Se il consumare carne significa provocare sofferenza, significa inquinare il pianeta, significa sprecare risorse preziose, significa contribuire alla diffusione sia della fame nel mondo, sia di pandemie estremamente pericolose, forse dovremmo scegliere di non mangiarne per nulla.
Il problema è però molto più complesso perché ingerire cibo non è solo un atto ragionevole che ha a che fare con il numero di calorie o con la quantità di proteine, vitamine e grassi consumati. Riguarda anche la cultura, la tradizione, le abitudini. Riguarda la convivialità, lo stare assieme e Jonathan Safran Foer mette ben in chiaro questi aspetti. Secondo l’autore il cambiare dieta, quindi, non è soltanto una questione di conoscenza.
Tutti sanno, o possono facilmente sapere, approfittando di ciò che gira per internet, che seguire un animale senziente dal momento della sua nascita manipolata alla sua crudelissima morte significa scoprire l’assoggettamento totale a cui l’abbiamo ridotto ed è peggio che vedere un film dell’orrore.
Jacques Derrida, citato nel libro, sostiene che “in qualunque modo lo si voglia interpretare, qualunque conseguenza di natura pratica, tecnica, scientifica, giuridica, etica o politica se ne tragga, oggi nessuno può negare tale evento, cioè le proporzioni senza precedenti dell’assoggettamento dell’animale. Tale assoggettamento (…) lo possiamo chiamare violenza.”
Si sa altrettanto bene che un onnivoro contribuisce all’emissione di gas serra sette volte più di un vegano.
E pure si conoscono i luoghi da cui provengono i virus nuovi che mettono a rischio la salute di milioni di uomini.
“Stipare uccelli sovradimensionati, imbottiti di farmaci e deformi in una stanza lurida e incrostata di escrementi non è molto salubre. … Dovremo considerare il contributo di cinquanta miliardi di uccelli malaticci e imbottiti di farmaci – uccelli che sono all’origine di tutti i virus influenzali – un’ influentia soggiacente che stimola la creazione di nuovi agenti patogeni pronti ad attaccare l’uomo? E che dire dei cinquecento milioni di maiali dal sistema immunitario compromesso chiusi in spazi ristretti? … Gli esseri umani stanno creando le condizioni perché si produca un agente iperpatogeno, ossia più patogeno di tutti gli altri, un virus ibrido che potrebbe portare grossomodo a una replica dell’influenza spagnola del 1918.”
Gli elementi per conoscere alla perfezione tutti questi problemi sono ormai alla portata di ognuno.
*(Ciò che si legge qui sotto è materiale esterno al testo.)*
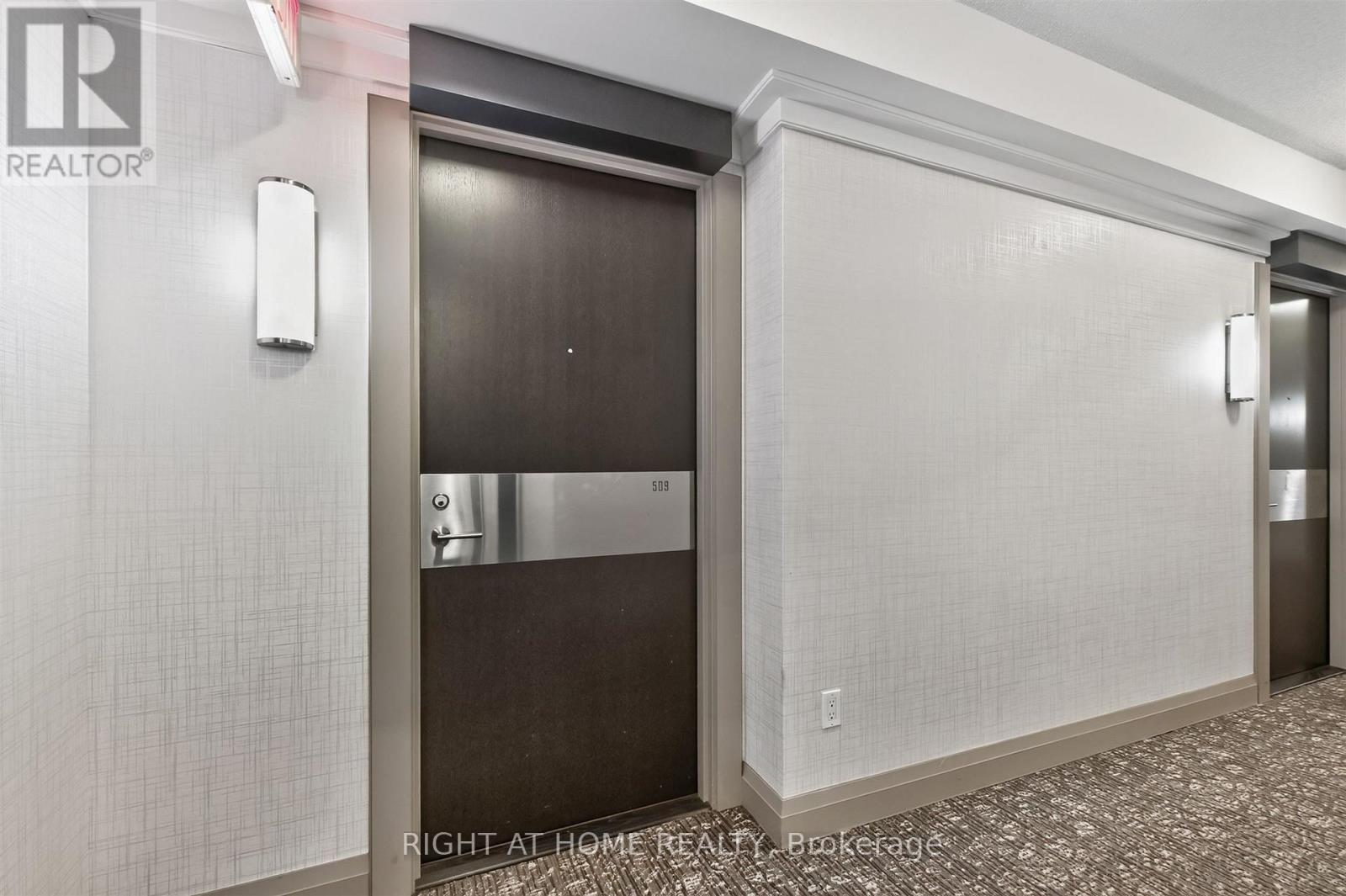 #509 18 GRAYDON HALL DRIVE - 7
Nonostante ciò si continua indifferenti nelle proprie scelte alimentari, spesso dimenticando che l’eccessivo consumo di carne è un’abitudine assai recente: gli americani, ad esempio, mangiano una quantità di pollo centocinquanta volte superiore a quella che mangiavano ottanta anni fa. Forse, sostiene l’autore, non ci si rende ben conto delle enormi possibilità e opportunità che una nostra semplice scelta potrebbe offrirci. Non abbiamo sufficiente coscienza di quanto il mangiare o non mangiare animali possa influire e modificare l’ambiente in cui viviamo e anche i rapporti che intessiamo con gli altri esseri umani e con la natura intera. Forse non ci rendiamo neppure conto che l’enorme potere che hanno le industrie produttrici di carne e i loro alleati produttori di farmaci – anche nel manipolare le informazioni sul cibo – deriva unicamente da una nostra semplicissima e quotidiana concessione.
Ecco perché, ci dice Safran Foer, vale la pena di fornire ancora una volta, tutti quei dati – e il libro ce ne offre in abbondanza – che potrebbero o dovrebbero spingerci ad una semplicissima domanda: perché mangiare carne quando se ne può benissimo fare a meno?
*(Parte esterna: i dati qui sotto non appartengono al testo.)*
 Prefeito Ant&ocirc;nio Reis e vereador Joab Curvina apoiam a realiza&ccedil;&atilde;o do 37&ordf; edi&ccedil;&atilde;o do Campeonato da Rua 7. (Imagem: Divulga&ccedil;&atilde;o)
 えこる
Perché in fondo, anche “mettendo da parte (…) i più di dieci miliardi di animali macellati a fini alimentari ogni anno [nei soli Stati Uniti], mettendo da parte l’ambiente, i lavoratori e gli altri temi correlati come la fame nel mondo, le epidemie influenzali, la biodiversità, c’è anche la questione di come noi pensiamo noi stessi e ci pensiamo gli uni con gli altri.”